* **Prompt**
Without including any images, reproduce each entry exactly.

* **Supplied material**
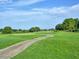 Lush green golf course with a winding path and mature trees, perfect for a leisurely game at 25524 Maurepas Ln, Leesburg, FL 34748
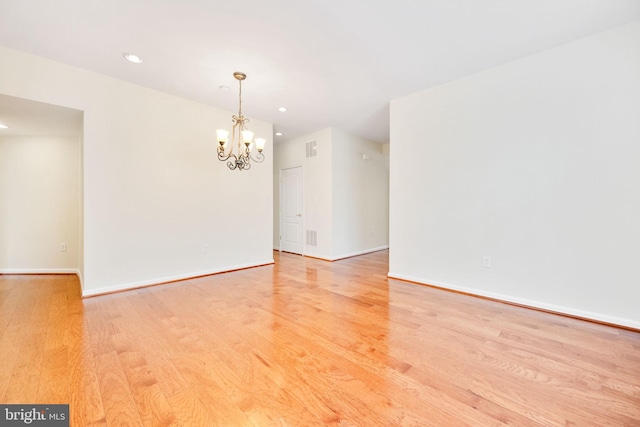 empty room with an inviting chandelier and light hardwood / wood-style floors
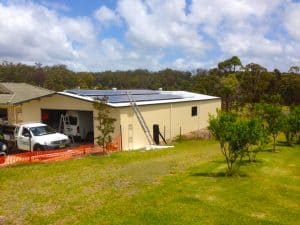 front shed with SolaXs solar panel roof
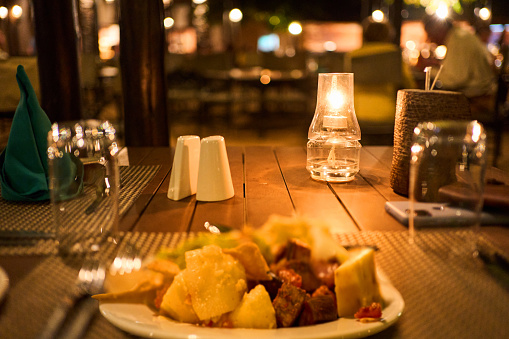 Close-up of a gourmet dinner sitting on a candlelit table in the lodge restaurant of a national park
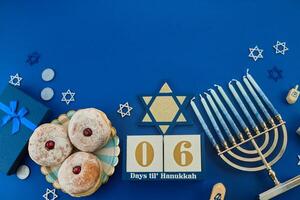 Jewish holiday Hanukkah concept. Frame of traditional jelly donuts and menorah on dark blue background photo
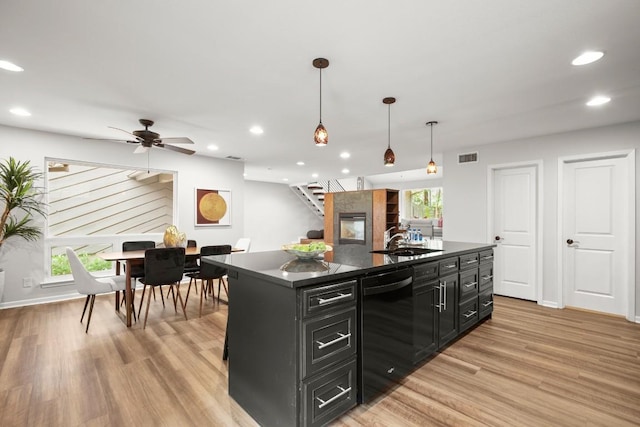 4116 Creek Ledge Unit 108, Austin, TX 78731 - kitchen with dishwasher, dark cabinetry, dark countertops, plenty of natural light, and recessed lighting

* **Solution**
 Lush green golf course with a winding path and mature trees, perfect for a leisurely game at 25524 Maurepas Ln, Leesburg, FL 34748
 empty room with an inviting chandelier and light hardwood / wood-style floors
 front shed with SolaXs solar panel roof
 Close-up of a gourmet dinner sitting on a candlelit table in the lodge restaurant of a national park
 Jewish holiday Hanukkah concept. Frame of traditional jelly donuts and menorah on dark blue background photo
 4116 Creek Ledge Unit 108, Austin, TX 78731 - kitchen with dishwasher, dark cabinetry, dark countertops, plenty of natural light, and recessed lighting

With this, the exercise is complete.